Dernièrement, l’employeur Couche-Tard a vendu à de supposés franchisés deux établissements au sein desquels la négociation était en cours, soit celui de Saint-Hubert et celui de Saint-Liboire. À ce propos, la CSN a saisi la CRT afin de déterminer le véritable employeur, et donc le véritable interlocuteur lors de la négociation collective des conditions de travail : Couche-Tard ou le franchisé ?

Campagnes syndicales

La CSN mène plusieurs actions, certaines sont traditionnelles, d’autres le sont moins. En effet, la Confédération surveille de très près le respect de l’exercice du droit syndical ; en conséquence, elle est souvent amenée à déposer des plaintes pour entrave, intimidation, menace ou encore non-respect des droits issus du Code du travail. La CSN a également contesté la fermeture des établissements montréalais ainsi que la vente des établissements à des « franchisés ».

Mais la CSN adopte également des mesures plus originales (voir le site Internet www.csn.qc.ca). Ainsi, elle a mis en place un comité de vigilance afin de répondre aux représailles patronales, notamment par l’organisation de mesures de soutien aux travailleuses et travailleurs concernés. La Confédération a aussi lancé une campagne « Adoption Couche-Tard ». Cette mesure vise à faire connaître aux travailleuses et travailleurs des dépanneurs les avantages concrets de la syndicalisation et prend la forme de la remise d’un tract au salariéE par le client. Par ailleurs, la Confédération a aussi mis sur pied une opération « Cartes de visite » ; il s’agit de distribuer une carte mentionnant les coordonnées de la CSN. Cette opération vise à sensibiliser les travailleuses et travailleurs au syndicalisme, mais aussi à les inciter à contacter la Confédération. La CRT a jugé que cette opération est légale dans la mesure où elle se limite à la remise d’une « carte de visite » et non en la quête d’une signature d’adhésion pendant le temps de travail, ce qui est interdit par la loi.

La lutte continue !

L’ensemble des stratégies élaborées par la partie patronale vise incontestablement à casser le processus de négociation collective et à nier le droit fondamental d’association.

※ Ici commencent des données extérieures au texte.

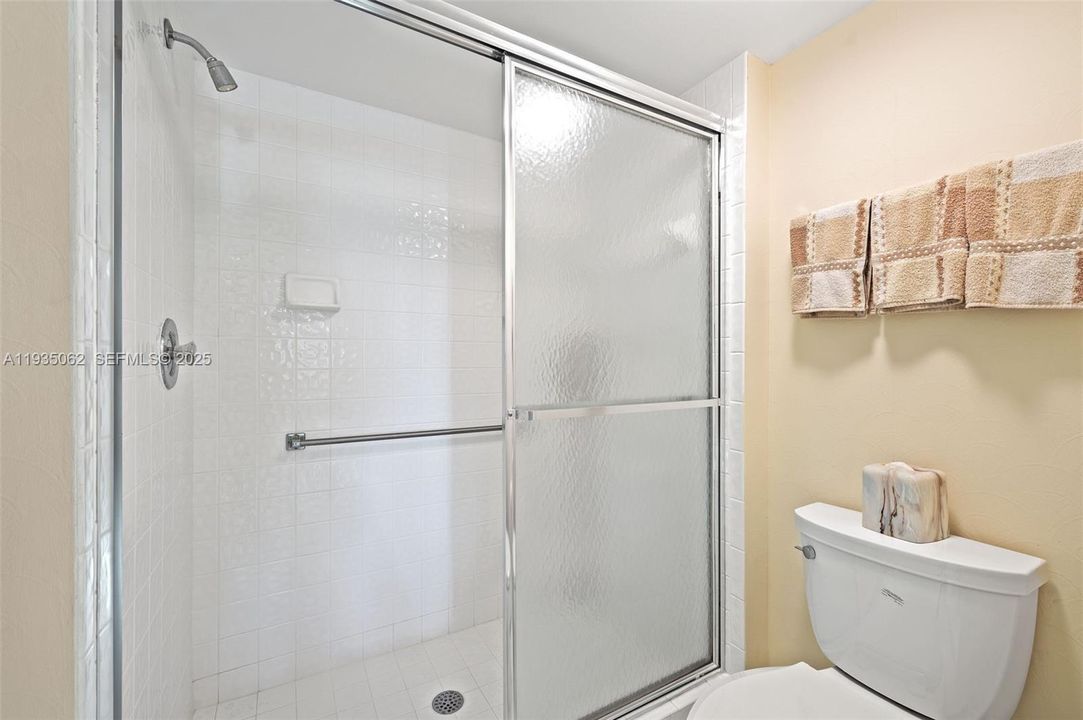 En Venta: $245,000 (2 camas, 2 baños, 1456 Pies cuadrados)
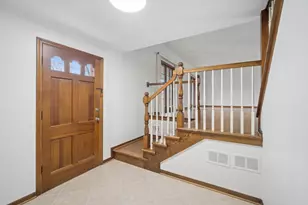 3712 Winnetka Rd, Glenview, IL 60026 - Photo 6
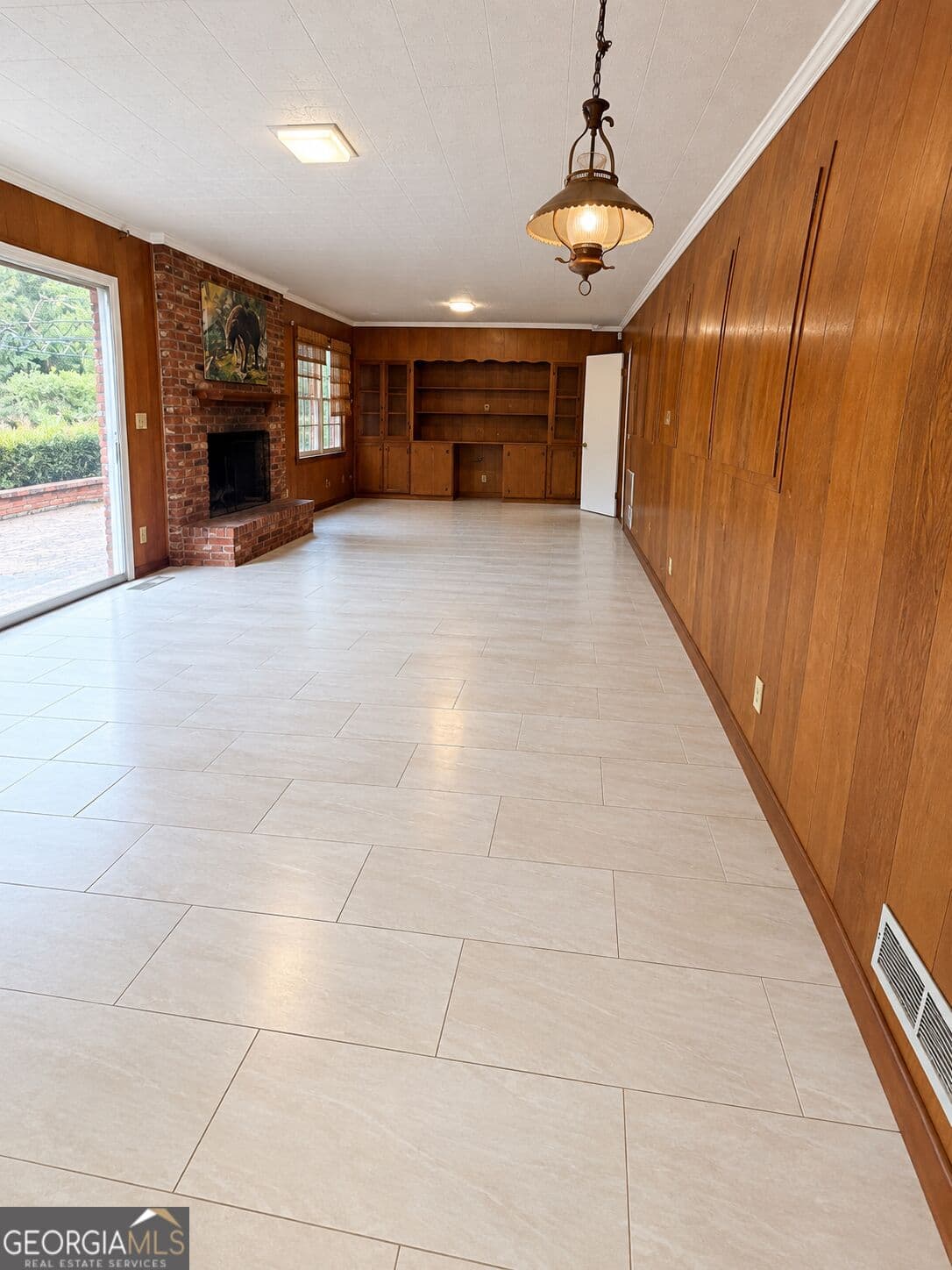 3 bedroom, 2.5 bathroom, 2,518 sq ft single family residence under contract at 1405 Parkway Drive, Vidalia, GA 30474 — photo 3
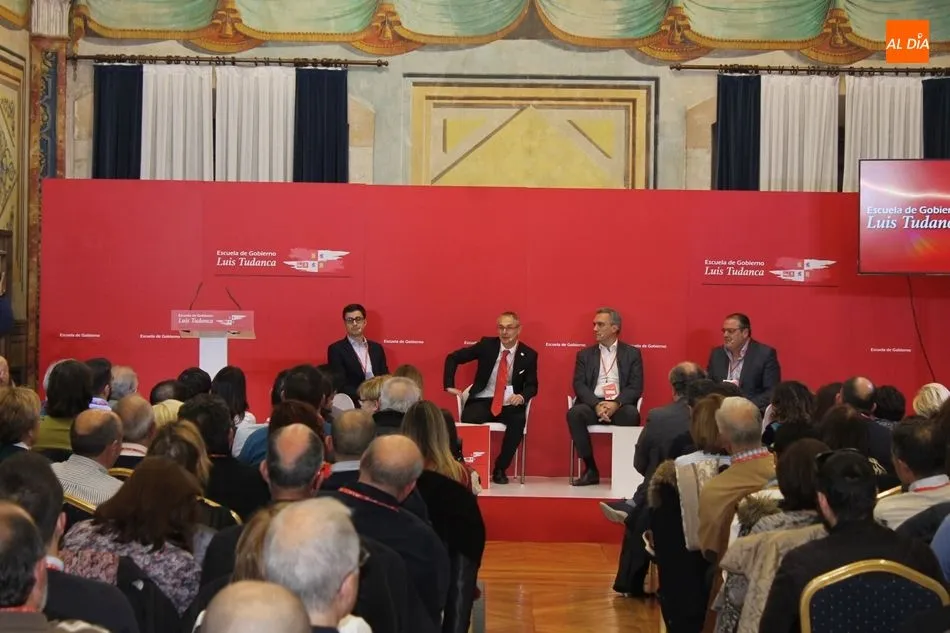 Foto 3 - &ldquo;Vamos a responder a esas derechas que ahora pretenden incluir el barro en el debate&rdquo;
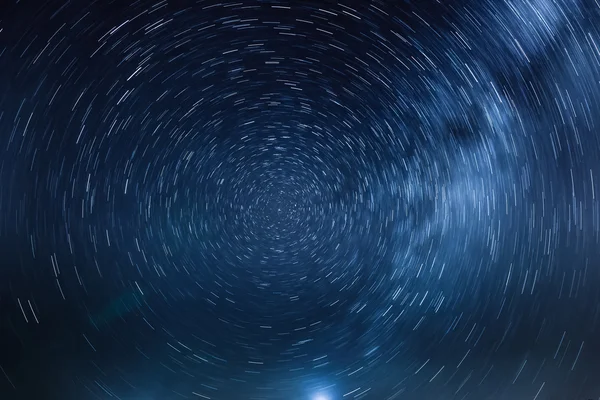 Обертання зірок навколо полярної зірки — стокове фото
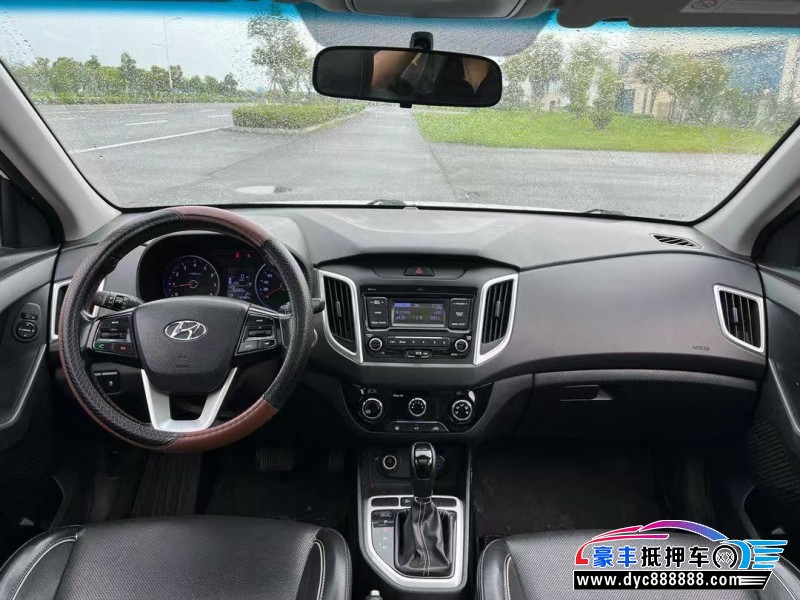 18年现代ix25轿车抵押车出售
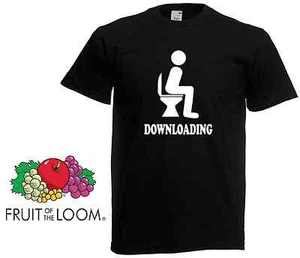 Downloading On Toilette Humor Dump Poo bedruckt lustig Night Out Geek Herren T-Shirt  - Bild 1 von 4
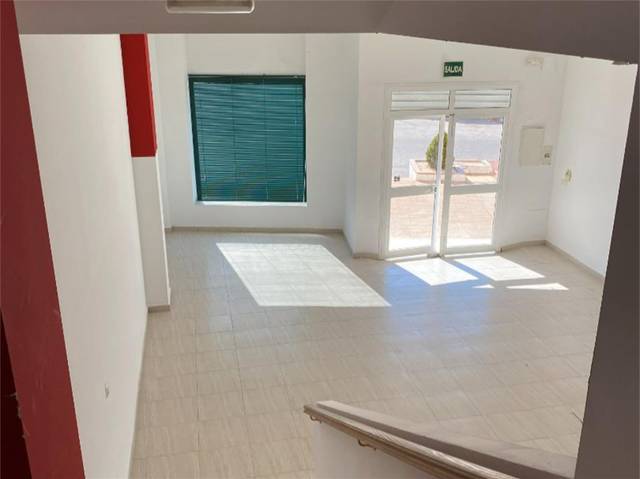 Local comercial en Alquiler en Calle Castelao, 2 en Churriana - El Pizarrillo - La Noria-Guadalsol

L’accréditation n’est bien sûr pas une fin en soi, mais le début d’un processus de paix industrielle menant à la détermination des conditions de travail. Les négociations collectives se déroulent d’ailleurs dans différents établissements, à tout le moins, elles avaient lieu dans certains d’entre eux avant leur vente ou leur fermeture. La négociation devrait débuter sous peu au sein de l’établissement de Montréal-Nord, tout récemment accrédité.

En ce début d’année 2013, il est permis de penser que plusieurs autres établissements seront syndiqués prochainement. Rappelons que la chaîne Couche-Tard emploie quelque 5 000 travailleuses et travailleurs.


[1Léa Fontaine et Jean-Marc Piotte, « Travailleuses et travailleurs des Couche-Tard – Mobilisés plus que jamais ! », À bâbord !, numéro 42, déc. 2011 / janv. 2012.